Hey exalta, click the red link in my sig. If there's anything you want, I may trade you for some folding mirrors.


----------



## FilthyImp (Oct 18, 2004)

Exalta said:


> Hoy kamusta pare? :thumbup:
> 
> Send over some USDM parts!!!


Kamuta na rin?? OO Ba....taga saan ka ba sa PI?

Lets see if we can setup some trading system. Those tail lights look way too much like the G20 here. Actually, the car is a G20 I believe here in US. So I think those tailights should be in your neighborhood junk yard! hahha


----------



## FilthyImp (Oct 18, 2004)

Slayer2003 said:


> ...........i gotta ask..........how are they JDM then........from the Phillies.......

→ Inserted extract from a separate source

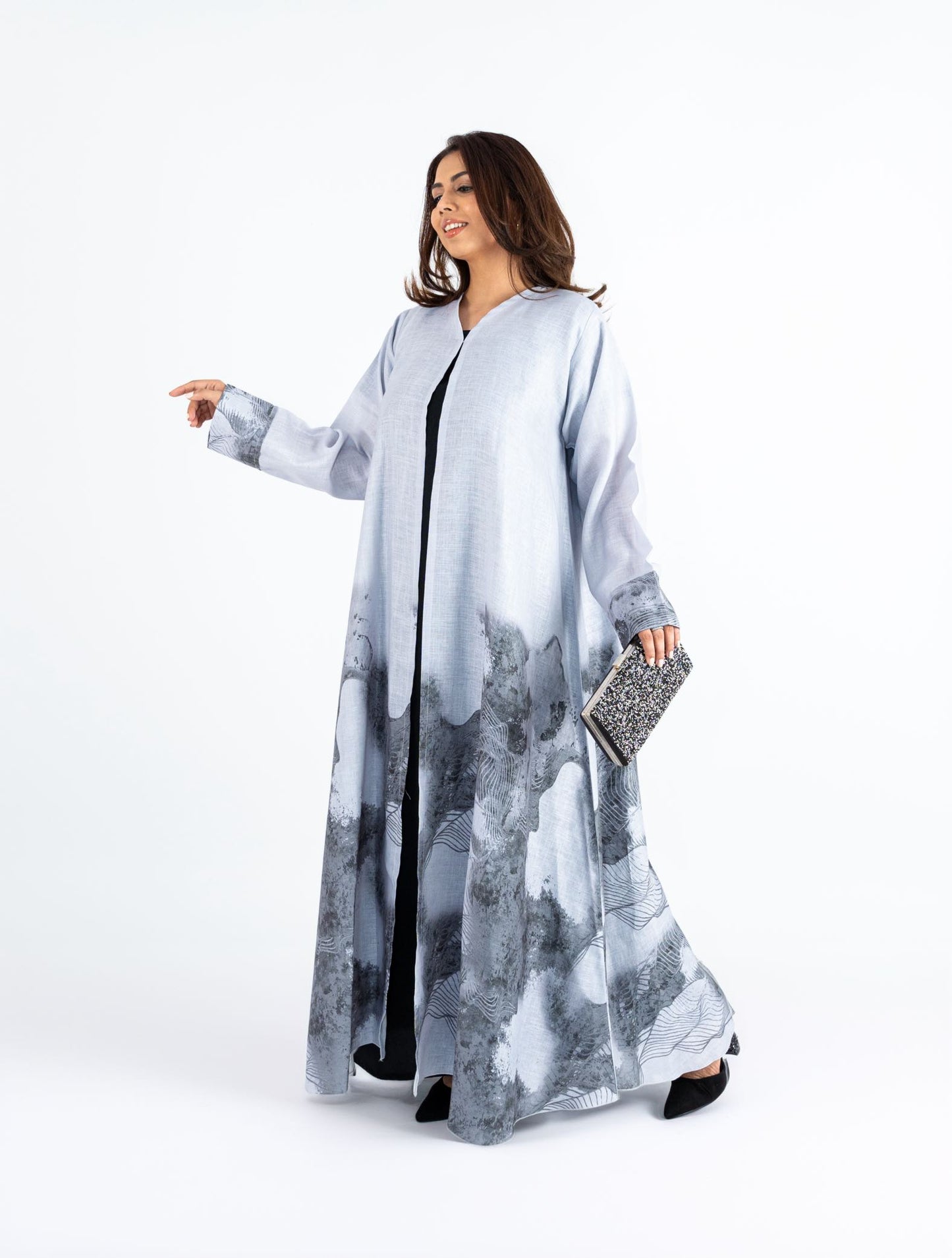 Cloud grey linen Abaya shrub patterns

LOL oh yah huh...so let's call them PDM's hahahhaha Filipino's, funny little characters! Oh wait, I'm filipino too!

LOL :loser:


----------



## Exalta (Jan 21, 2003)

Okay, so let's call em PDM parts  

Hmm, ill check out what USDM parts would fit and look good on mine.


----------



## myoung (Apr 15, 2002)

I still fail to the see tha fascination with this... You know some kid in Japan is saying..."wow look it's a USA 200SX or Sentra Badge"....lol

Super Salon badges...haha yuk


----------



## myoung (Apr 15, 2002)

FilthyImp said:


> WOW...I just help but comment on the fact that all those pictures are from PiNAS!!! How cool is that...I'm so lame to be thinking that our country (i'm pilipino) can actually have cool cars!!! haha
> 
> In anycase, so weird, to think that my 200SX SE is a super saloon (well kinda) in PINAS. Wow, the JDM parts are freakin awsome too. Now I gotta call my "pare's" for hook ups on JDM parts. HAHA


You're 200SX SE is a 200SX SE.... period...


----------



## pete? (Jul 6, 2004)

myoung said:


> I still fail to the see tha fascination with this... You know some kid in Japan is saying..."wow look it's a USA 200SX or Sentra Badge"....lol
> 
> Super Salon badges...haha yuk











so some of us would like to convert their cars......i have a jetta runninf around these parts with "bora" on the back, and i was allways like what the hell is that? and i rememberd the car and would see it all the time. then i realized that it is probly called that in europe or where ever. but a "JDM" conversion is one of those things that makes your car stand out (in the non rice way)


----------



## Ninety-Nine SE-L (May 5, 2002)

myoung said:


> You're 200SX SE is a 200SX SE.... period...


it's a "Lucino" 

Hey, ain't nothin wrong with a set of power folding mirrors, the paint is starting to fade on mine anyhow , guess that means I need new mirrors


----------



## Sentra96816 (Aug 23, 2003)

*THe JDM stands out...*

The bumper w/ the double foglights look best on any USDM b14 in my opinion,....that set up will definnetly get people doing "double takes " on your cars conversion,.... now the $$ you have to spend to get that conversion is a different story,.... oh how it is nice to dream, ......................... zzzzzzzzzzzzzzzzzzzzzzzzzzzzz :asleep:


----------